Sefer Shofetim Chapter 13
This chapter is the first of four that present the story of the famous Shimshon. The Jews have reverted to their idolatrous ways and the Pelishtim oppress them mercilessly for forty years. Manoah and his wife, members of the tribe of Dan, have not yet been blessed with children. Manoah’s wife is visited by an angel of Hashem who informs her that she is going to bear a child who is destined to save the Jewish people from their Pelishti oppressors. Because the baby in her womb will be consecrated to the service of Hashem, during her pregnancy she must abstain from wine as well as impure food; once born, his hair must never be cut as long as he lives.

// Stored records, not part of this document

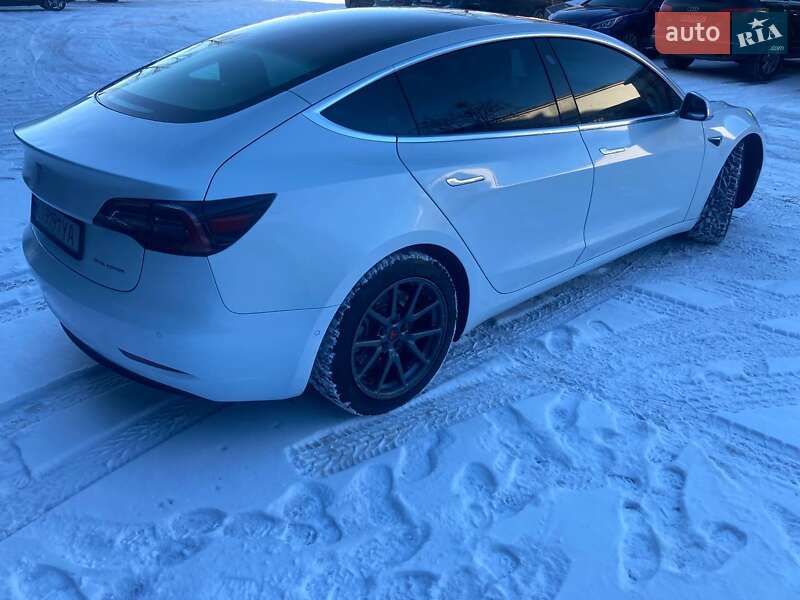 Седан Tesla Model 3 2019 в Киеве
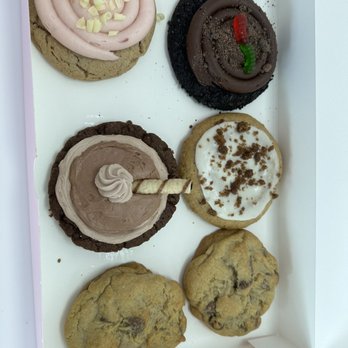 Crumbl - Clearwater - Milk chocolate, chocolate chip, dirt cake and banana bread flavors - Bakeries Near Me - Clearwater, Florida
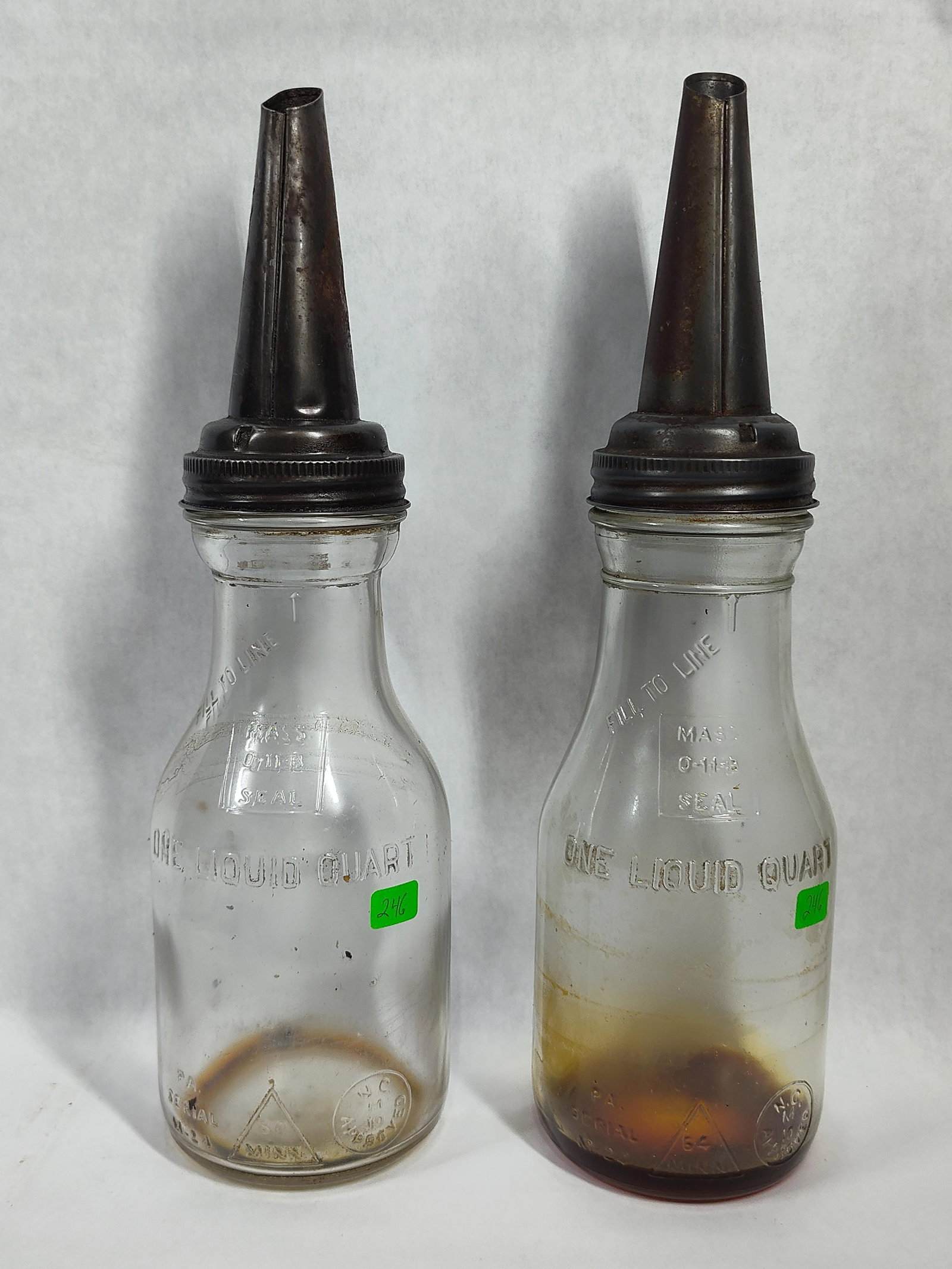 Pair Vtg 1-Qt Motor Oil Service Bottles w/ Spouts (1 of 4)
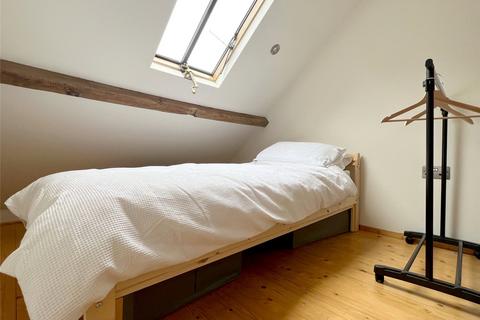 Studio to rent, Back Street, Winchester, Hampshire, SO23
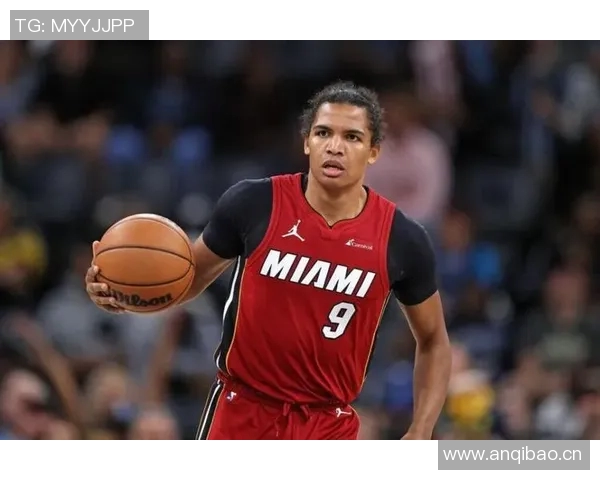 吉莱斯皮半场表现出色三分球命中率高达57贡献12分1助攻1封盖 吉莱斯皮半场表现出色三分球命中率高达57贡献12分1助攻1封盖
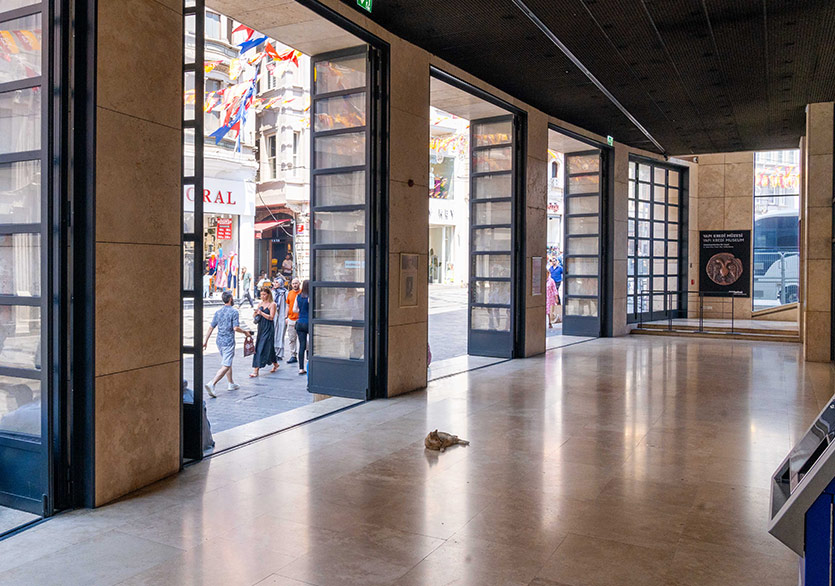 “Portiko Okumaları ve Performansları” Eda Çekil ile Devam Ediyor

Manoah’s wife tells him the news and he is skeptical; he prays to Hashem to send the messenger again so he can verify the story. Hashem obliges and the angelic figure appears once more to Manoah’s wife, who runs to bring her husband to meet him. The angel reiterates his message to Manoah, who offers to prepare him some food. The offer is rejected, as is Manoah’s request to learn the name of the mysterious figure. Instead, Manoah is told to present the bread and meat as a sacrifice to Hashem; when the fire miraculously rises heavenward, the mysterious visitor disappears.
At first, Manoah fears that he and his wife will die after having beheld a divine being’s countenance. His wife reassures him that Hashem would gain nothing from assigning them such an important task and accepting their offering only to kill them before they had the opportunity to fulfill the mission they had been given. The chapter concludes telling us that Shimshon is born, Hashem blesses him, and inspires him to take action on behalf his people.
There are a couple of very unusual elements to this story. Most striking is the fact that the Jews show no interest or inclination to repentance; for the first time, a savior or judge is dispatched to them without their requesting help from Hashem. Shimshon is also the first figure in the book of Shofetim whose birth and mission is foretold to his parents in advance – he is groomed as a leader from birth. And without any clear explanation or reason, Shimshon is expected to abstain from cutting his hair.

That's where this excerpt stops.